Data processing at velocity and volume has any number of applications in today’s data-rich world. And the victor — the company that can process that data and effectively serve it up in a way that folks inside businesses can understand and use effectively — will take the most spoils.

The Spark project is part of an open source family of tools under the Hadoop umbrella that has already collected a ton (and I mean A TON) of cash.

Companies like Cloudera, which raised roughly $1 billion (actually $900 million — including $760 million from Intel) during the effervescent days of 2014, came to market with claims of a better way to store and manage large amounts of data far more cheaply than any previous infrastructure technology.

It’s the stuff that companies like Facebook and Google use to process the billions of pieces of data that they collect. Spark… is the next step… focusing not on the storage of data, but on how to manage it most effectively. The two work in concert, but are not the same.

With its latest financing, led by the company’s previous investor, New Enterprise Associates, and including participation from Databricks’ initial investor Andreessen Horowitz, the company is looking to take its tech to the next level.

The San Francisco-based company has already taken its product through some pretty intense paces, wresting the pole position in the CloudSort benchmark from an open source offering developed by the University of California, San Diego.

Databricks dropped the price of sorting 100 terabytes of data from the previous record of $4.51 per Terabyte to $1.44 per TB (for data scientists… that’s a spicy meatball!).
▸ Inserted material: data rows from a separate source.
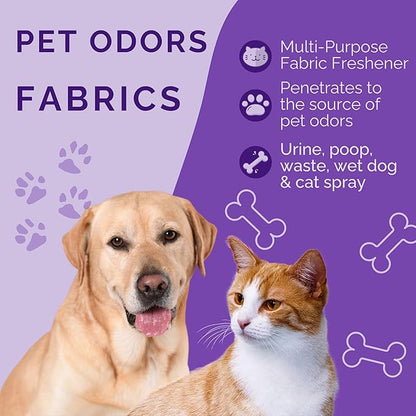 No Scent Carpet Upholstery & Fabric Furniture Spray Spot Cleaner for Wet Dog Smell, Cat Spray, Pet Odor, Urine, Poop & Secretions (128 Fl Oz / 3.8 Liter) Gallon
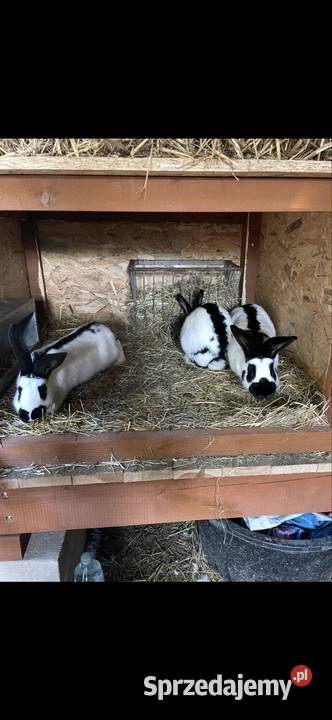 Króliki srokacze samce samice Króliki Żyrowa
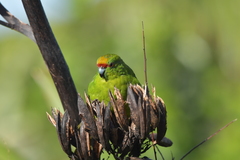 Cyanoramphus auriceps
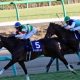 JRA福永祐一「大外枠」からドン詰まりに悲鳴殺到!? 京都金杯(G3)ロードクエスト「ノーステッキ」で13着大敗……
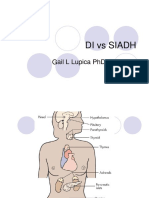 Di Vs Siadh: Gail L Lupica PHD, RN, Cne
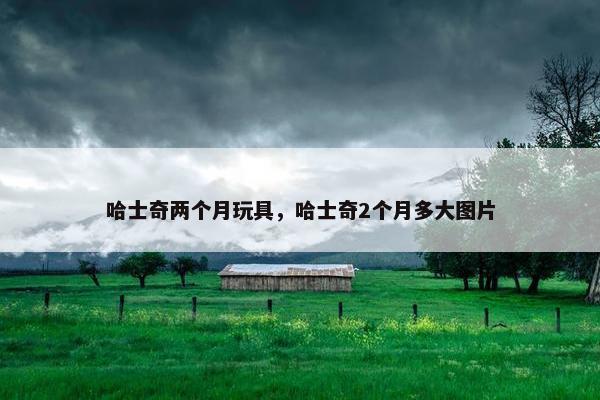 哈士奇两个月玩具，哈士奇2个月多大图片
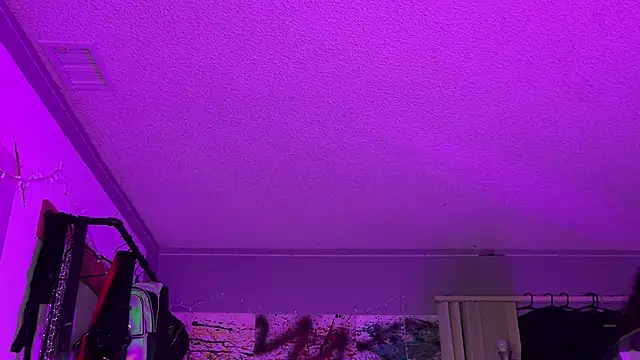 xoFrankie online show from November 2025 05:13:02 AM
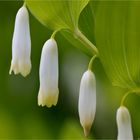 Echte Salomonssiegel (Polygonatum odoratum).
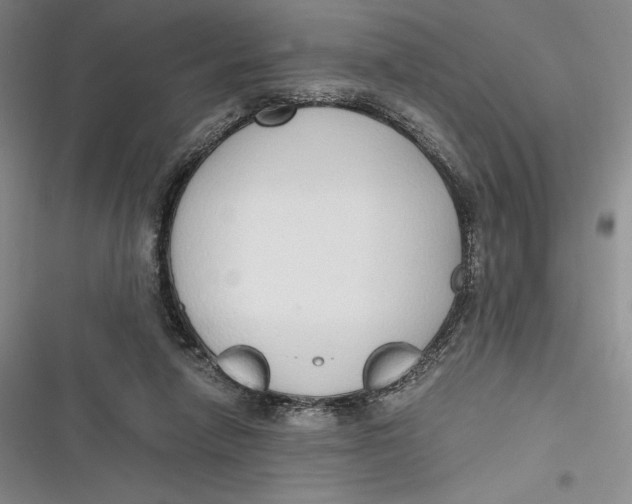 X0000116860258201001121247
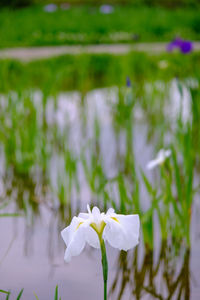 Close-up of white flowering plant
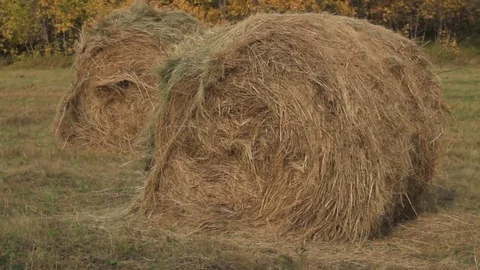 Hay rolls in the fall Stock Footage 80632755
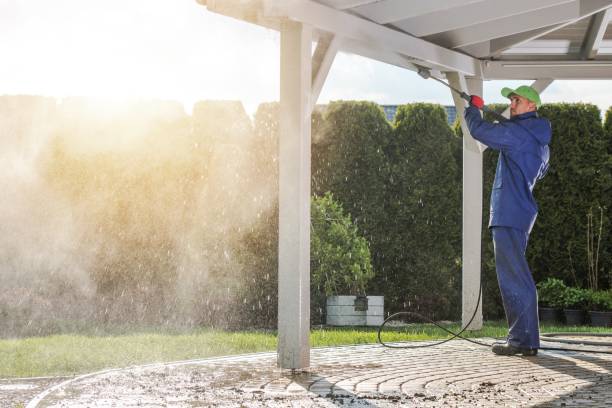 Best Roof Cleaning and Mildew Removal in Duncannon, PA
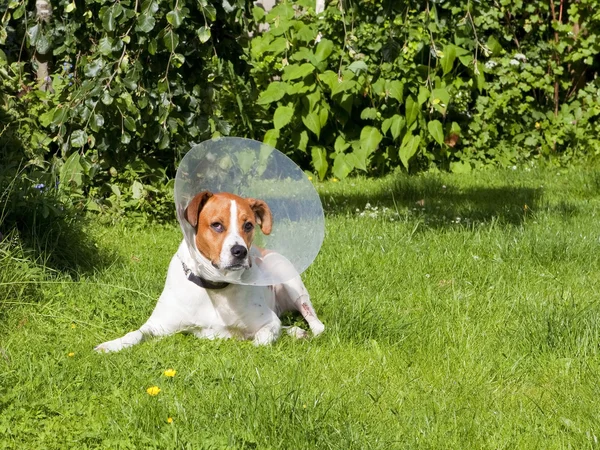 Paziente canino 2 — Foto Stock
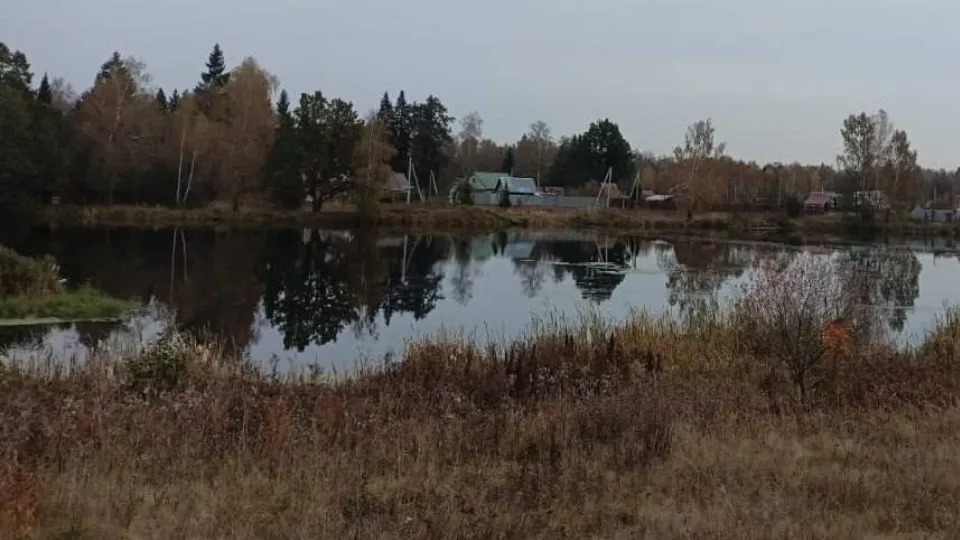 Фото: t.me/dmitriyvikulov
The company worked with Nanjing University and Alibaba Group to form the team, that now holds the world record.

The CloudSort Benchmark is a competition designed to develop technologies that will reduce the total cost of ownership of the cloud architecture (a combination of software stack, hardware stack, and tuning) and encouraging organizations to adopt and deploy big data applications onto the public cloud.

Beyond the business case, data scientists are flocking to the project, according to Databricks. There are now more than 288,000 members of the community, and over 1,000 active contributors from 250 organizations, the company said.
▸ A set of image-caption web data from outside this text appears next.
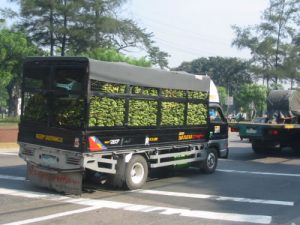 Bananas on the way to market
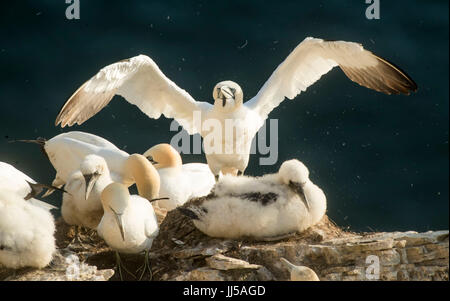 Gannets and Gannet chick at the RSPB nature reserve at Bempton Cliffs in Yorkshire, as over 250,000 seabirds flock to the chalk cliffs to find a mate and raise their young. Stock Photo
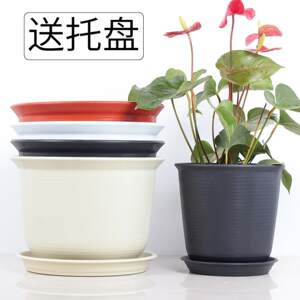 
Imitation ceramic pots, thickened resin plastic pots, balcony creative succulent potted plants, large flower pots, home organization tools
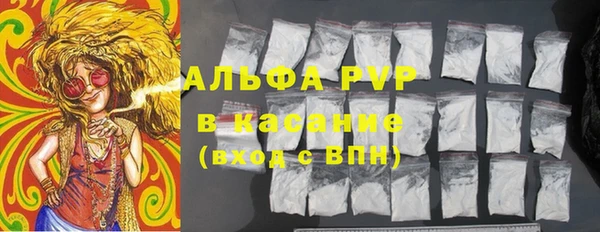 ГАЛЛЮЦИНОГЕННЫЕ ГРИБЫ Инсар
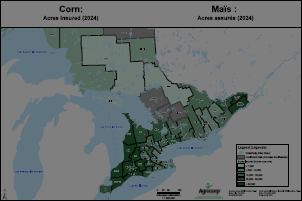 Corn insured acres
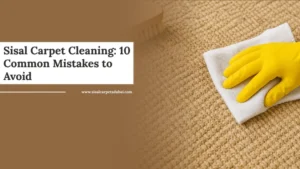 Sisal carpet cleaning tips showing manual stain removal.
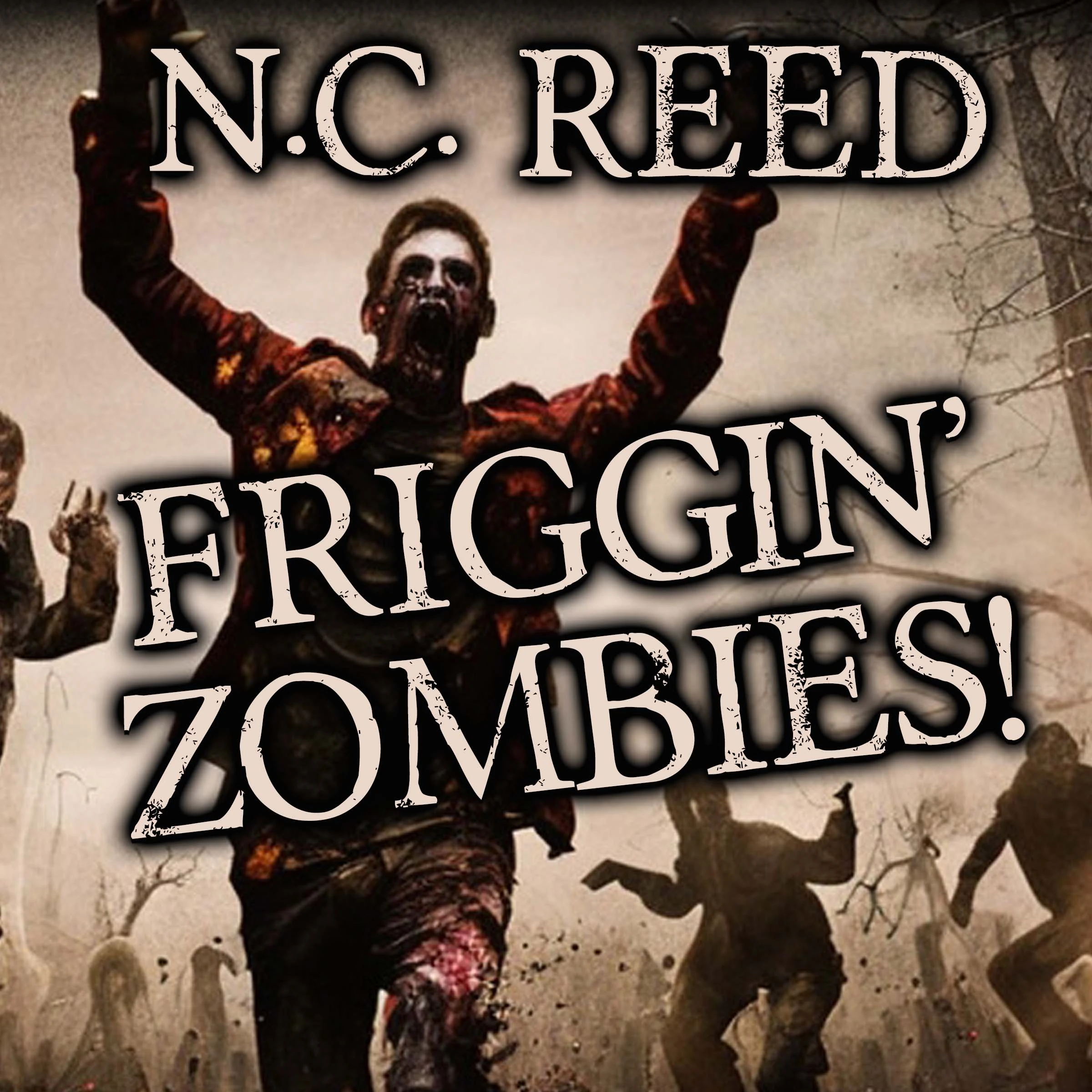 audiobook by N.C. Reed and Christopher Lane Friggin Zombies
Databricks launched its first product in 2014, around the time it raised $33 million in the first round to include NEA. In all, the company has raised roughly $100 million.

At the time of the last financing, my colleague Ron Miller wrote about the first product:

… the company also announced a new cloud platform called Databricks Cloud that Stoica, says has been designed to simplify big data processing by bringing the process under one cloud umbrella.
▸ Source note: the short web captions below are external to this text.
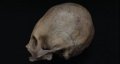 Исследование: у доинкского общества коллагуа деформированный череп был признаком высокого статуса. Фото: M.Velasco/Cornell University/Current Anthropology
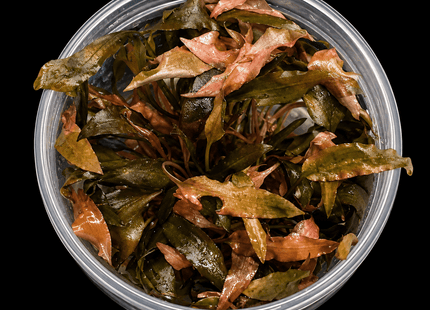 Cryptocoryne wendtii 'Red' Tissue Culture - Nano Tanks Australia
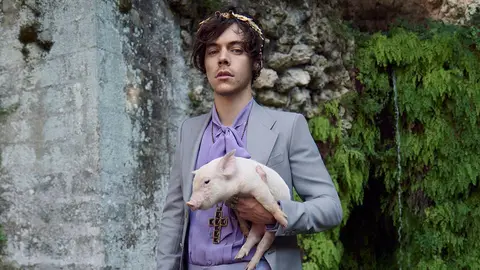 Harry Styles Has Posed With More Farm Animals For Gucci And Life Will Never Be The Same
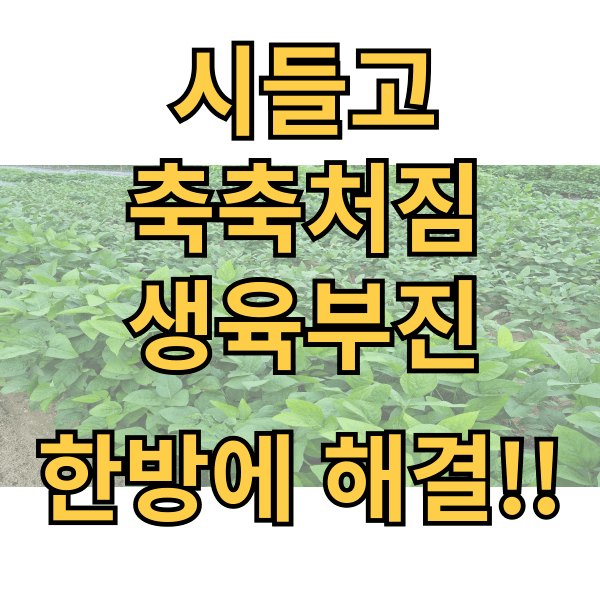 대산농사대장님의 장터 판매 상품 [쑥쑥 식물성장 촉진제] 첨부 사진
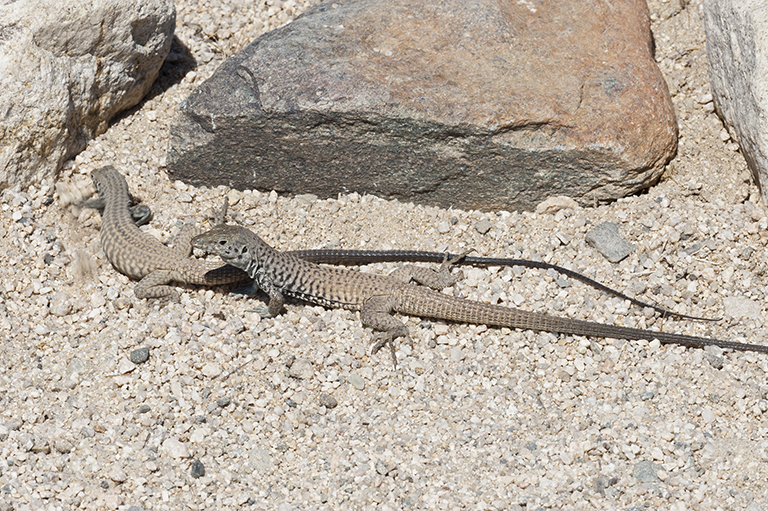 Image of Tiger Whiptail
The cloud solution consists of three pieces: The Databricks Platform, Spark and the Databricks workspace. The idea behind the product, Stoica says, is to provide a single place to process data without having to worry about managing a Hadoop cluster to process your data. It’s all done in the cloud instead in a managed environment.

After you add your data to a project, you can begin working with it immediately. The product has several core concepts starting with Notebooks, which provide a way to interact with the data and build graphs. As you discover ways of displaying your data, you can begin to build dashboards to monitor certain types of data. Finally, the platform includes a job launcher, which enables users to schedule Apache Spark jobs to run at certain times.

The company’s product has found a home with more than 400 customers and the new money will expand sales and marketing, the company said.

“Apache Spark has enabled countless enterprises and cutting-edge early adopters to create business value through advanced analytics solutions,” said Ali Ghodsi, CEO and Co-Founder at Databricks, in a statement. “As Spark’s adoption and the demand for our managed Spark platform continues to rise, this funding will advance our engineering and go-to-market strategies to address all of our customer’s pain points as we continue to grow the Spark community.”